Beyond banking, other firms in the sector include stock and futures exchanges such as the London Stock Exchange Group and ICE and wholesale market brokers such as TP ICAP and BGC Partners, as well as thousands of assorted smaller or specialist firms which operate in the wholesale markets “ecosystem”.

The current EU regulatory regime

There is a wide range of EU legislation that affects firms in this sub-sector. Much of this has either been revised or put in place following the 2008 financial crisis. Typically, a large firm like an investment bank may need to comply with several of these laws to offer its services.More specialist firms may rely on a narrower range of legislation.

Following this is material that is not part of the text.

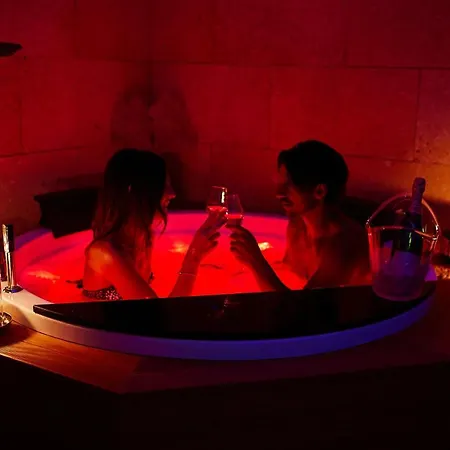 Porta Del Golfo Apartments&suites * Castellammare del Golfo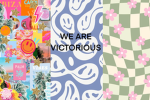We are victoriouser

Legislation governing wholesale markets activity is established by the EU in part to implement international standards, e.g. from FSB, G20 and IOSCO. However, EU rules will often go beyond these global standards both in terms of scope and granularity. Others are designed specifically for the EU market, although standards originating at international level have become increasingly prevalent, especially since the financial crisis. This is particularly true for prudential banking standards.

In aggregate, the areas of regulation that relate to this sector include rules in relation to e.g. bank capital, remuneration of staff, transparency of trading financial instruments and market abuse. The core list of EU legislation relevant to this sub sector is:
– Prospectus Regulation (PR)
– Markets in Financial Instruments Directive (MiFID II)
– Markets in Financial Instruments Regulation (MIFIR)
– European Market Infrastructure Regulation (EMIR)
– Capital Requirements Directive (CRDIV)
– Capital Requirements Regulation (CRR)
– Market Abuse Regulation (MAR)
– Benchmarks Regulation (BMR)
– Central Securities Depositories Regulation (CSDR)
– Financial Collateral Directive (FCD)
– Credit Ratings Agency Regulation (CRA)
– Securities Financing Transactions Regulation (SFTR)
– Transparency Directive (TD)
– Short Selling Regulation (SSR)
– Settlement Finality Directive (SFD)
– Bank Recovery and Resolution Directive (BRRD)
– Central counterparty recovery and resolution (still under negotiation)

These regulations rarely correspond neatly to different categories of firm within the wholesale markets subsector. In some cases, a firm may need to comply with numerous pieces of legislation, even where the scope of their activities is reasonably narrow. For example, an investment bank may be authorised under the Capital Requirements Directive (CRD) which determines how much capital banks must hold, and need to comply with at least MiFID and the Market Abuse Regulation to offer just its core market making services.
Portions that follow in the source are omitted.